There was a also a covered boat house where we kept our boat and a small
pontoon ferry boat we all used to cross Government Cut every day. The
conversion of those spoil island had begun and a bridge was built to
what became Dodge Island. The rest is history. It is worth inspecting
all this on Google Earth.
At our Fisher Island station in the mid 1980s we hosted a graduate
student from Texas A and M who was doing a study of drilling mud effects
on corals. We installed an intake PVC pipe in 30 ft of water in the ship
channel off the boat house and used a water pump to bring in clear sea
water during high tides. The water was for growing corals in large
aquaria. Unfortunately corals would not live in that water. Once a week
our student would take our boat offshore and fill plastic garbage cans
with clear Gulf Stream water. Corals grew quite well in that water so he
could perform his experiments. The student completed his PhD and
published his results. At that time there were many tropical fish in
Government Cut including large schools of snook and there were abundant
lobster but no corals. We assumed poor water-quality was due to the
sewer outfall less than a mile offshore. We could usually smell it
during a SE wind. Eventually the outlet was extended out to 114 ft of
water where many people fished around the sewage plume. (That is another
interesting story for later)
There had been some dredging in the ship channel in the vicinity of the
Cruise Ship base back in the 1970s. In fact one of the dredges sank and
blocked the port area for several months. This all happened well before
the more recent major dredging and widening of Government Cut that
occurred long after we vacated Fisher Island. Bill Precht was put in
charge of the coral reef monitoring during and after the dredging and
widening of the channel. Because I had dived the area since the 1950s I
can say there were few live corals there before the dredging which
exposed an extensive Holocene Acropora reef. Bill Precht as a frequent
contributor to the coral-list may want to verify what I observed.
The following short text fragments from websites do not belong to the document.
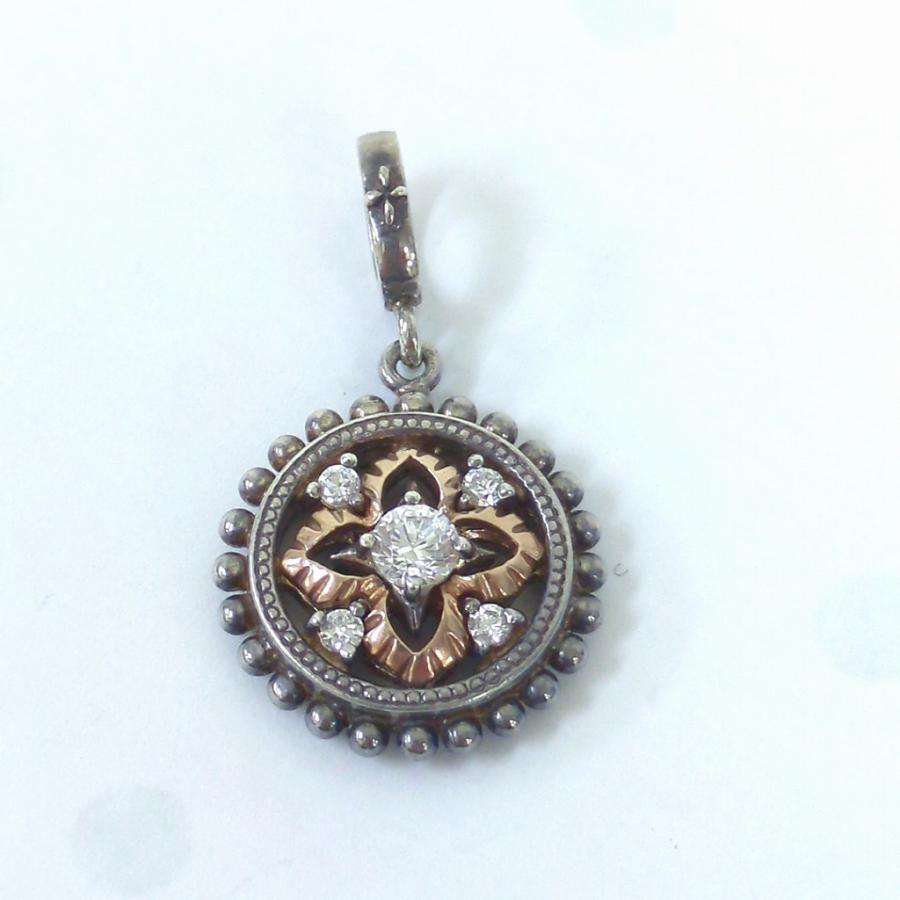 ローリーロドキン ネックレス ペンダントトップ K10 & シルバー925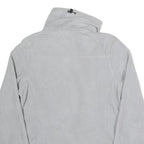 NEW BALANCE Womens White Zip Jacket S Polyester Plain Athletic Activewear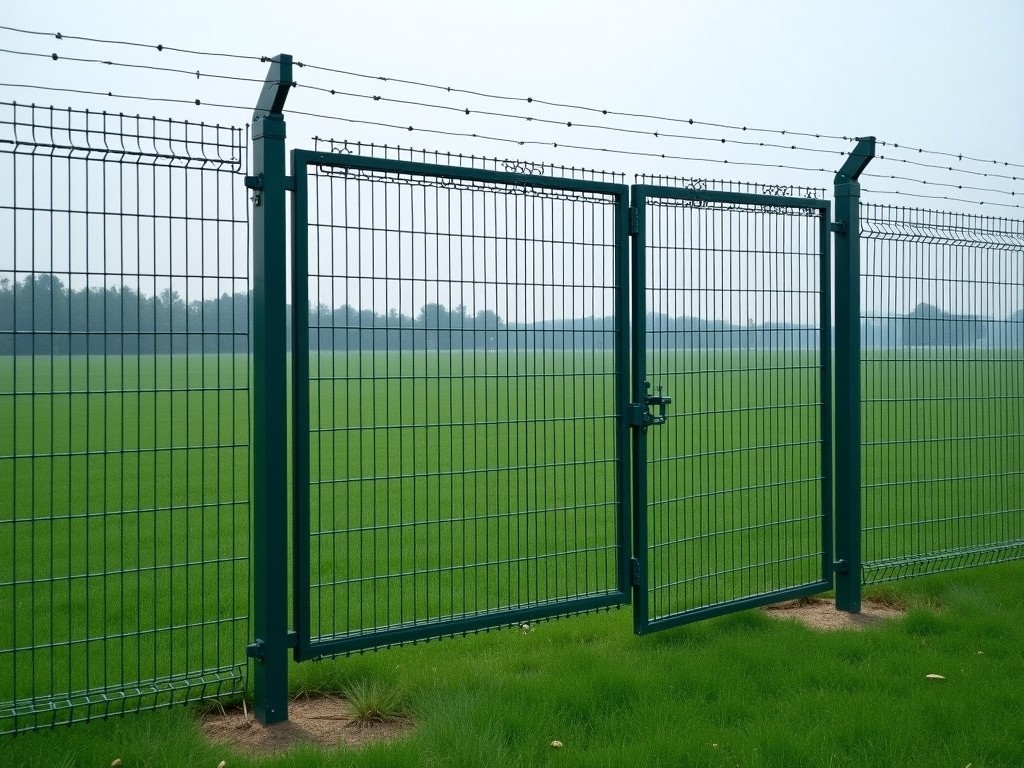 Semi Permanent Electric Fence With Gate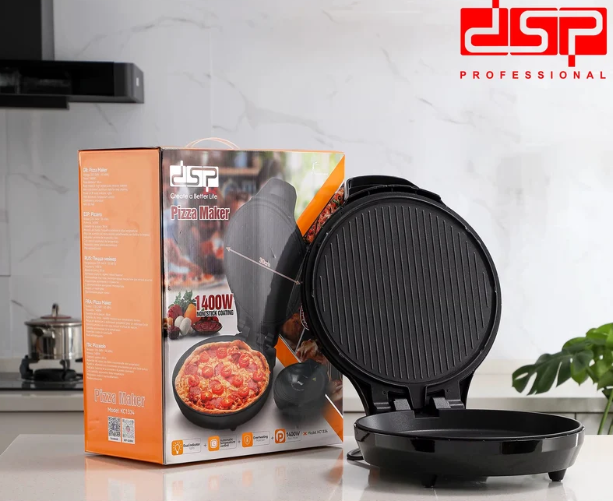 DSP Electric Pizza Oven 1400W – 30cm Pizza Maker for Home & Kitchen KC1334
I suppose the big question now is should the serial photography of fish
along the Dodge Island sea wall be continued. I see no reason why it
should not be continued. Of course the fish life is there because of the
concrete sea wall and man-made rubble. As for corals it is clearly not
suitable for extensive coral growth. All I can say is it is clear the
entire area including the Dodge island complex is entirely artificial.
Also the water quality is better than what I remember from the 1950s
when Miami sewage was pumped directly into the bay. I remember the odor.